* _Material to process_:

....

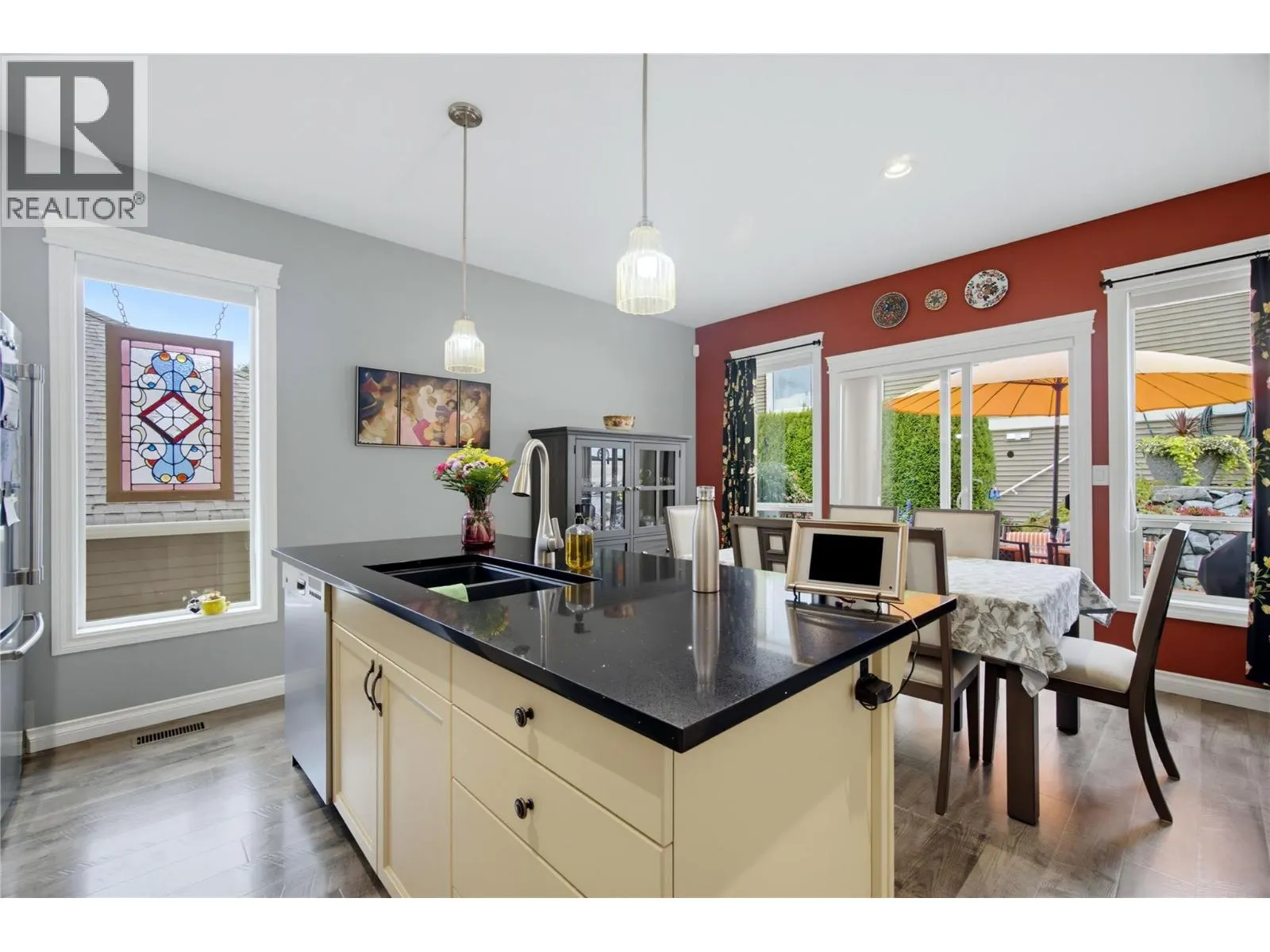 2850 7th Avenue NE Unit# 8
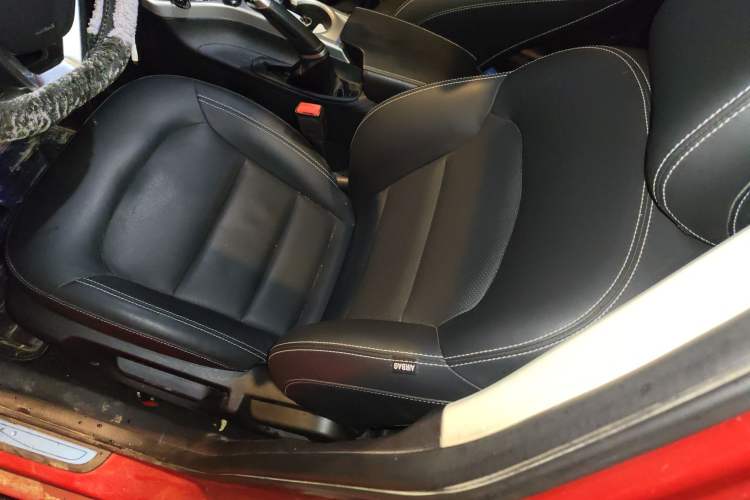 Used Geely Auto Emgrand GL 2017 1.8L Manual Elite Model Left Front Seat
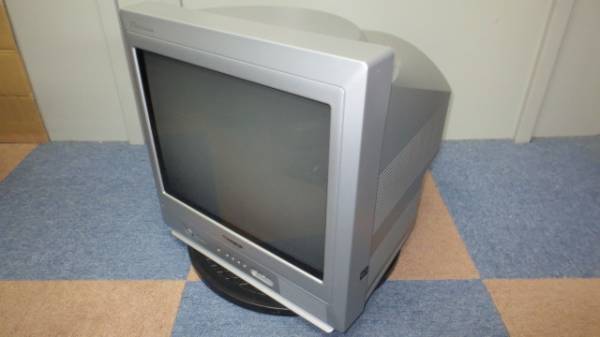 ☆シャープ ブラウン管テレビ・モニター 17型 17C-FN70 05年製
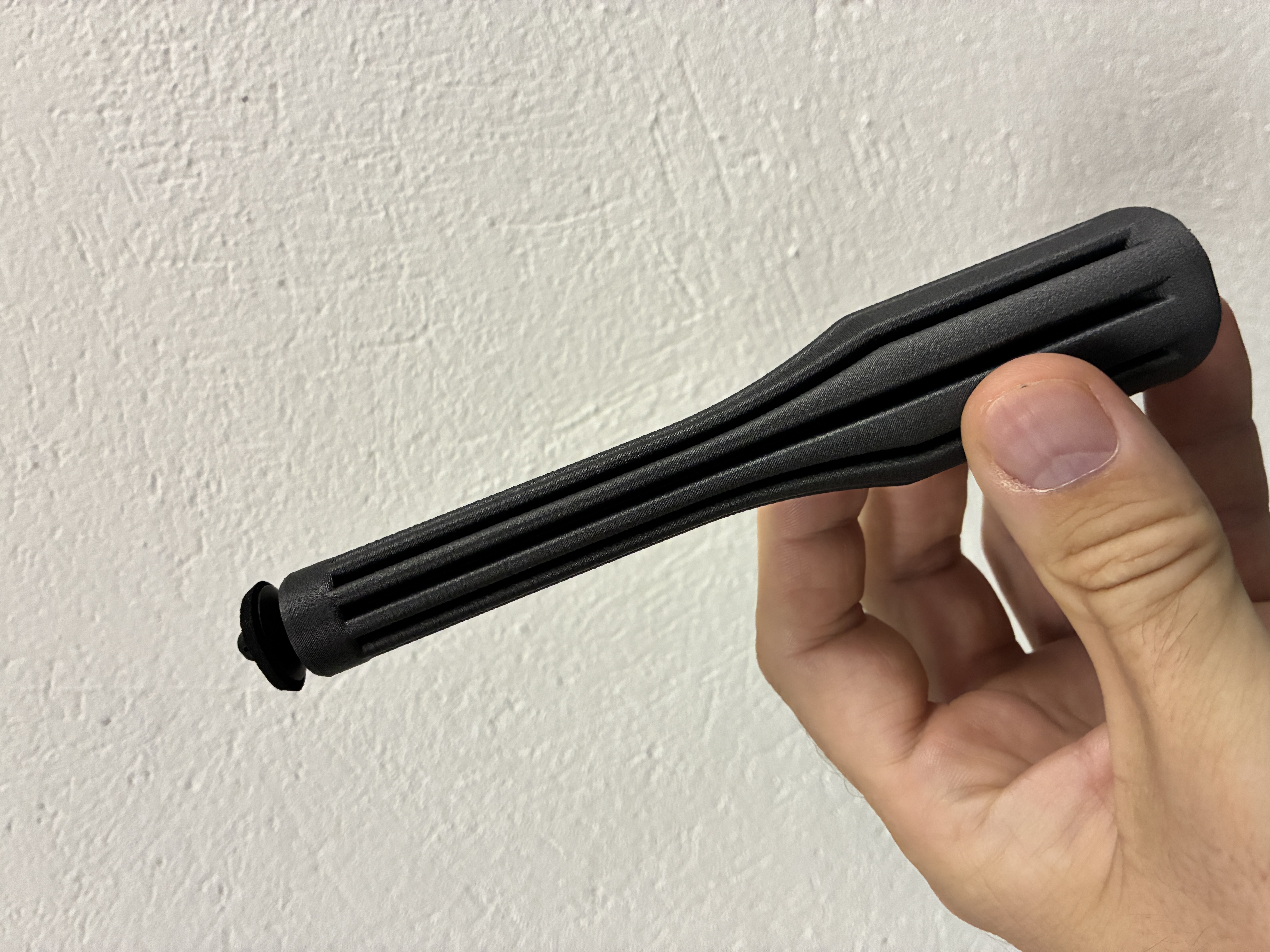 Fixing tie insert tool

....

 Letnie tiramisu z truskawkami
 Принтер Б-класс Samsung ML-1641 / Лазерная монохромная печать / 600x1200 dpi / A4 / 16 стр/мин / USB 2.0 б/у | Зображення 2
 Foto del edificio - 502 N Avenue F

....

* _Problem statement_:
Please write out, exactly as they appear above, only the lines in the stretch from the line with "Принтер Б-класс Samsung" through the line with "Foto del edificio - 502 N Avenue F".

* _Solution below_:
 Принтер Б-класс Samsung ML-1641 / Лазерная монохромная печать / 600x1200 dpi / A4 / 16 стр/мин / USB 2.0 б/у | Зображення 2
 Foto del edificio - 502 N Avenue F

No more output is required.